For Fox Chase Elementary, it’s like someone pressed the ‘reset’ button. Raudenbush is back in the counselor’s chair, and the laid off fourth-grade teacher is back at the chalkboard.
First year principal Robert Caroselli called the transition “seamless,” but tempered the idea that the recall was cause for celebration. “The position of [full-time] counselor should have been there since day one,” he said.
At Masterman, Marcus says the transition from counselor-to-teacher-and-back-again has been “surreal.” Fortunately for Masterman’s students, she says, staff at the school went above and beyond to help fill the void in her absence.

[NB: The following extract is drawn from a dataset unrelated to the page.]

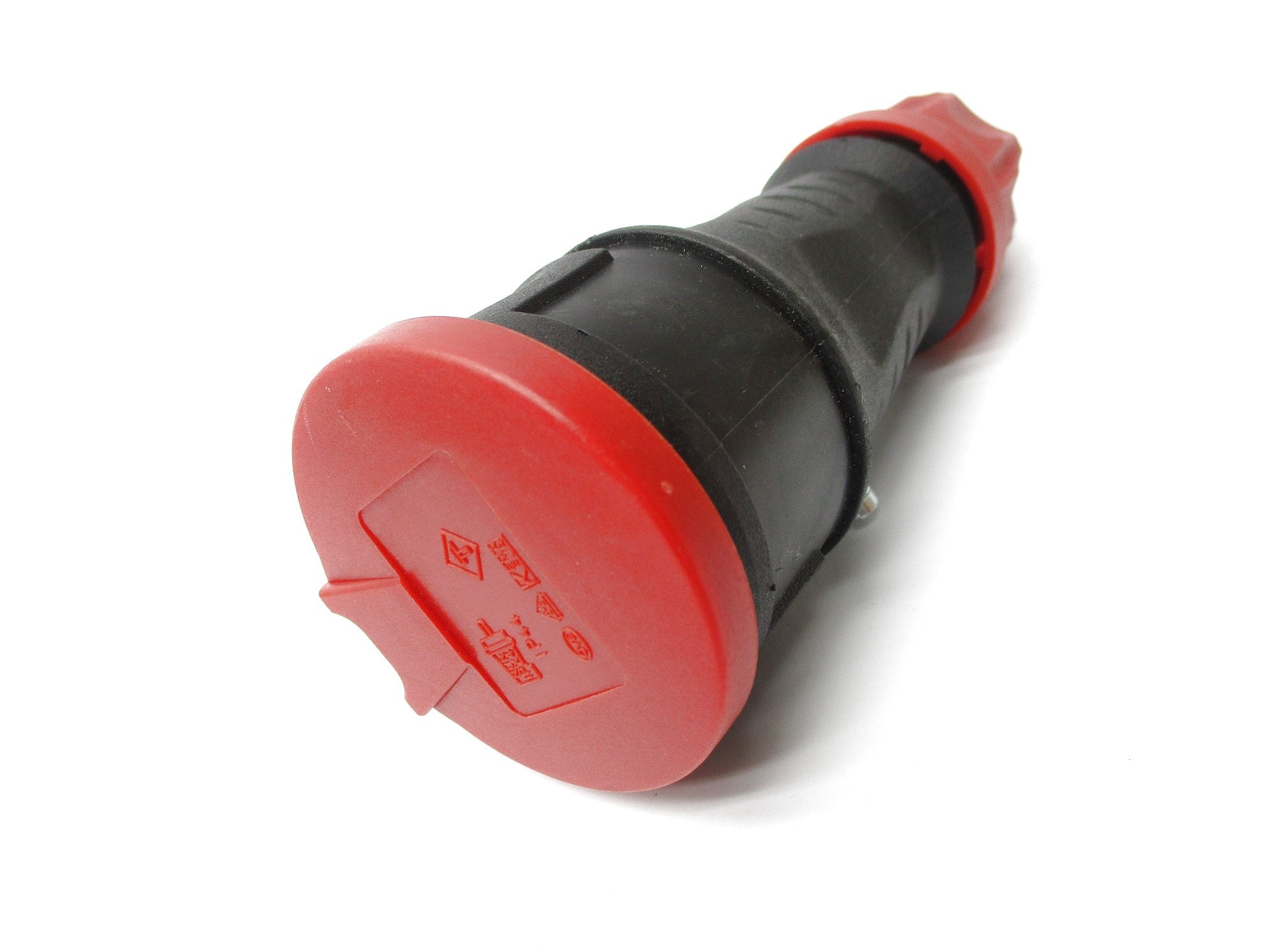 INDUSTRIAL MRO IP44 NSNP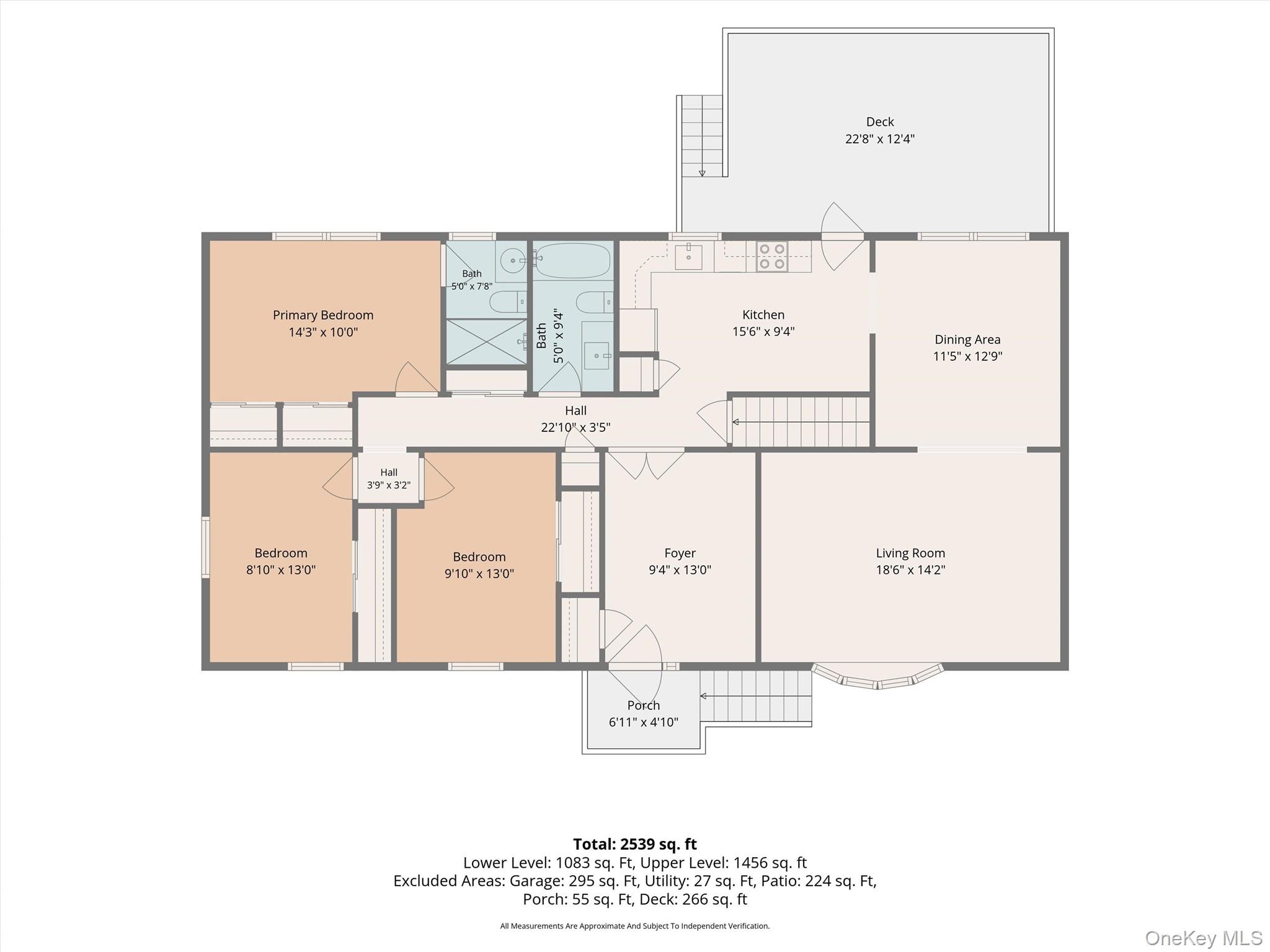 86 Main Street – For Sale photo 35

“People who work in education, they just won’t let kids suffer,” said Marcus. “So other people step up to make sure the kids are getting what they need.”
Caroselli saw much the same behavior at Fox Chase. Now he worries that his under-resourced faculty will burn out as the school year grinds into the holiday season.
“It’s starting to take its toll on people,” Caroselli said. “How long will my staff last?”
In limbo
Despite some recalls, district wide, the issue persists.
According to information obtained through a right-to-know request, WHYY/Newsworks learned that 38 counselors were force transferred into teaching positions at the conclusion of the 2012-2013 school year.
Of that number, the district says 20 have been/will be restored to their counseling positions, and 18 are slated to continue teaching through the remainder of the year.
But as Sydney Bassman is learning, the restoration process isn’t always automatic.
For the first two months of school, Bassman has been a special-education teacher at Finletter Elementary in Olney. The district now tells her it will restore her as guidance counselor at Bodine High School, but only when it finds a special-education teacher to fill her spot at Finletter.
In the meantime, the itinerant counselor who had been serving Bodine – a magnet with a high rate of college-going students – has been reassigned.
“It is now more than a week since I was told that I was ‘restored.’ I am still teaching at the elementary school, and my former school has NO COUNSELOR,” Bassman wrote in an email late last week. “Students are approaching college application deadlines now with no school counselor in place.”
District spokesman Gallard confirmed that there are currently five counselors who the district intends to restore once an adequate replacement can be found – a prospect he says has been traditionally more difficult for vacancies in special education.
Gallard said the district was “fairly sure” that it would have those positions filled “within a week or two.”
In the meantime, Bassman can’t believe that the district would allow a top-performing magnet school such as Bodine to operate without a counselor.
“It seems like they are putting the students of Philadelphia at the bottom of the priority list,” said Bassman, “and it scares me a lot.”